What’s Next for the School of Nursing?

“In addition to BSN-prepared nurses, we need more nurses with advanced degrees. Nurses with masters and doctoral degrees are needed to fill advanced clinical, leadership and academic roles,” said Ferguson. “We are actively pursuing additional financial support to assist these endeavors.” The School of Nursing recently received a $207,195 Virginia Tobacco Region Revitalization Commission Grant to support the new pre-licensure BSN program.

Ferguson also noted that beyond the BSN program, future plans for the School of Nursing include developing graduate programs at both the masters and doctoral level, including accelerated paths to advanced degrees. “Graduate programs in the School of Nursing may be delivered in a variety of modalities such as face-to-face, online or hybrid to provide access and flexibility for working professionals. We are using market analyses as well as input from our partners at Ballad Health to guide this process,” said Ferguson.

“We strongly believe that the liberal arts education for which Emory & Henry is known will provide a solid foundation for the new innovative and comprehensive BSN program,” said Dr. Lou Fincher, Emory & Henry’s senior vice president and dean of the School of Health Sciences. “We expect our graduates to be caring leaders and change agents in the healthcare disciplines.”

Dr. Farmer (left) with students. Dr. Farmer (left) with students.

About the Program, Certification and Licensure

The license credential “Registered Nurse” (RN) is conferred after successful passage of a national licensing exam, called the NCLEX.Educational programs, which include Diploma, Associate Degree in Nursing (ADN), or Bachelor of Science in Nursing (BSN) degrees prepare graduates to qualify and take the NCLEX.

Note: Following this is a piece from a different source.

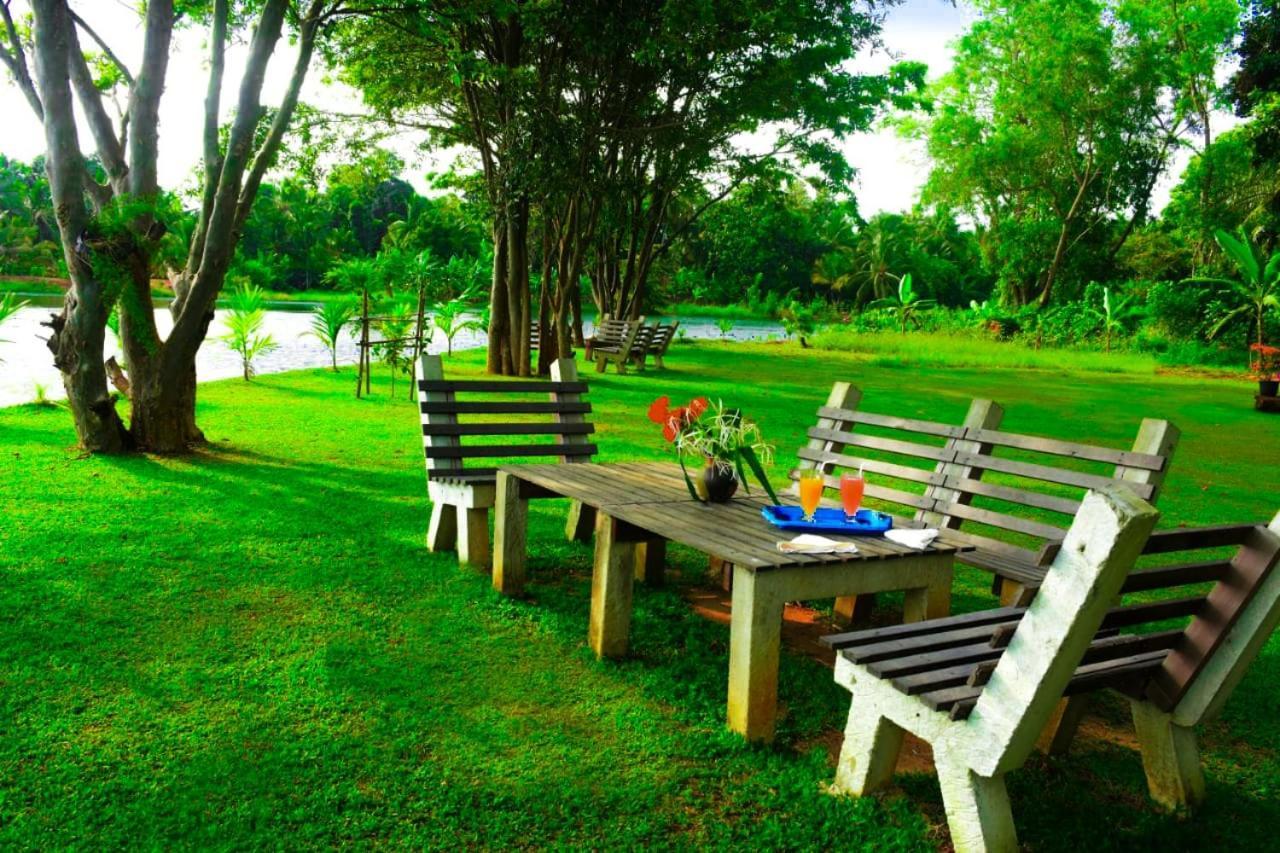 Canal Side Safari Resort اوداوالاوي المظهر الخارجي الصورة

The BSN program in the School of Nursing has two tracks. The first is the RN-BSN program. The RN-BSN program is for currently licensed Registered Nurses who were prepared at the Associate Degree or Diploma who want to pursue a BSN. The program offers a “degree completion” option online. The second track is the new pre-license BSN program, for which students began classes this fall in pre-nursing. A small cohort is currently being recruited to start nursing courses in January of 2022.

Nursing programs, in addition to required regional accreditation such as SACSCOC, must also be accredited and/or approved by their respective State Boards of Nursing as well as a nursing accreditation body. The E&H School of Nursing hosted both a virtual as well as an on-site visit by the Virginia Board of Nursing and the Commission on Collegiate Nursing Education (CCNE) in March 2021. The School of Nursing is waiting for the notification on the decision from CCNE’s board of commissioners regarding accreditation status.